Some reasons I remember for the various failures, in no particular order:

\- steep learning curve = experienced (in other languages) programmers having
a tough time not being productive for weeks/months in the new language, with
no clear payoff for the kind of projects they're working on

\- sometimes/often side-effects/states/global vars/hackyness is what I want,
because I'm experimenting with something in the code; and if I'm not sure if
this code will be around in 3 months, I want to leave the mess in and not
refactor it

\- in general, I think all-the-way pure no side effects is too much; I think
J.Carmack said sth along the lines: Haskell has good ideas which should be
imported into more generally useful languages like C++/etc, eg. the gamestate
in an FPS game should be write-once, it makes the engine/architecture easier
to understand (but in general the language should support side-effect)

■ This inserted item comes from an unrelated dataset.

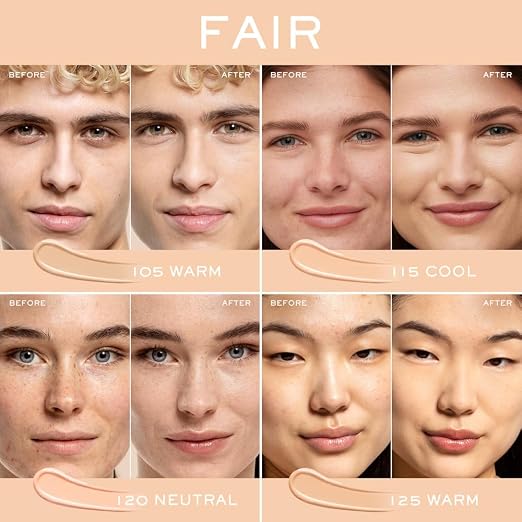 115C: For fair skin with cool/slight pink undertones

\- I found the type system to be cumbersome: I kept not being able to model
things the way I wanted to and running into annoyances; I find
classes/objects/templates etc from the C++/Java/Python/whatever world to be
more useful for modeling applications

\- when the spec of the system keeps changing (=the norm in lean/cont.delivery
environments), it's cumbersome/not practical to keep updating the types and
deal with the cascading effects

\- weird "bugs" due to how the VM evaluates the program (usually around
lazyness/lists) leading to memory leaks; when I was chasing these issues I
always felt like I'm wasting my time trying to convince the ghc runtime to do
X, which would be trivial in an imperative language where I just write the
program to do X and I'm done

\- cryptic ghc compile errors regarding types (granted, this is similar in C++
with templates and STL..)

\- if it compiles it's good => fallacy we kept running into

\- type system seemed not a good fit for certain common use-cases, like
parsing dynamic/messy things like json

Working at Facebook for the last year and seeing the PHP/Hack codebase which
powers this incredibly successful product/company has further eroded my
interest in Haskell: Facebook's slow transition from PHP to Hack (=win) shows
that some level of strictness/typing/etc is important, but it's pointless to
overdo the purity. Just pick sth which is good enough, make sure it has
outstanding all-around tooling, have good code-review, and then focus on the
product you're building, not the language.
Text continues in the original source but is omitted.